A downside of the KS distance is that it only captures marginal distributions. This, in some way, favors methods like INLA where we directly approximate marginals. A further challenge would be to assess agreement between joint distributions, rather than only marginals.
Throughout this notebook we will use exemplar data from the report dev_sinla
.
samples <- readRDS("depends/model1-samples-m250.rds")
samples_mcmc <- samples$mcmc
samples_gaussian <- samples$gaussian
samples_laplace <- samples$laplace
Compute the empirical CDFs, and look for the maximum distance between them.
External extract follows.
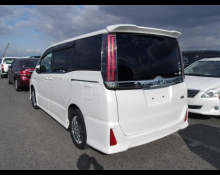 Toyota Noah 2018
n <- length(unique(samples_mcmc$index))
ks_gaussian_mcmc <- lapply(1:n, function(i) {
samples_gaussian_i <- filter(samples_gaussian, index == i)$value
samples_mcmc_i <- filter(samples_mcmc, index == i)$value
inf.utils::ks_test(samples_gaussian_i, samples_mcmc_i)
})
ks_laplace_mcmc <- lapply(1:n, function(i) {
samples_laplace_i <- filter(samples_laplace, index == i)$value
samples_mcmc_i <- filter(samples_mcmc, index == i)$value
inf.utils::ks_test(samples_laplace_i, samples_mcmc_i)
})
ks_results <- bind_rows(
bind_rows(ks_gaussian_mcmc, .id = "index") %>%
mutate(type = "gaussian"),
bind_rows(ks_laplace_mcmc, .id = "index") %>%
mutate(type = "laplace")
)
ks_results %>%
select(index, D, type) %>%
pivot_wider(
names_from = type,
values_from = D
) %>%
ggplot(aes(x = laplace, y = gaussian)) +
geom_point(alpha = 0.5) +
geom_abline(intercept = 0, slope = 1, linetype = "dashed") +
lims(x = c(0, 1), y = c(0, 1)) +
labs(x = "KS(laplace, mcmc)", y = "KS(gaussian, mcmc)") +
theme_minimal()
ks_results %>%
group_by(type) %>%
summarise(mean = mean(D)) %>%
knitr::kable()
type | mean |
---|---|
gaussian | 0.0509201 |
laplace | 0.0464028 |
SBC (Talts et al. 2018) is a corrected version of Cook, Gelman, and Rubin (2006). Consider the performance of an algorithm over the entire Bayesian joint distribution. Generate \((\tilde \theta, \tilde y)\) via \(\tilde \theta \sim p(\theta)\) then \(\tilde y \sim p(y \, | \, \tilde \theta)\). Let the data averaged posterior (DAP) be \[ p(\theta) = \int p(y \, | \, \tilde \theta) p(\tilde \theta, \tilde y) \text{d} \tilde \theta \text{d} \tilde y \tag{4.1} \] For any model, the average of any exact posterior expectation with respect to data generated from the Bayesian joint distribution reduces to the corresponding prior expectation. Any discrepancy between the DAP and the prior indicates some error in the analysis (either implementation or algorithmic).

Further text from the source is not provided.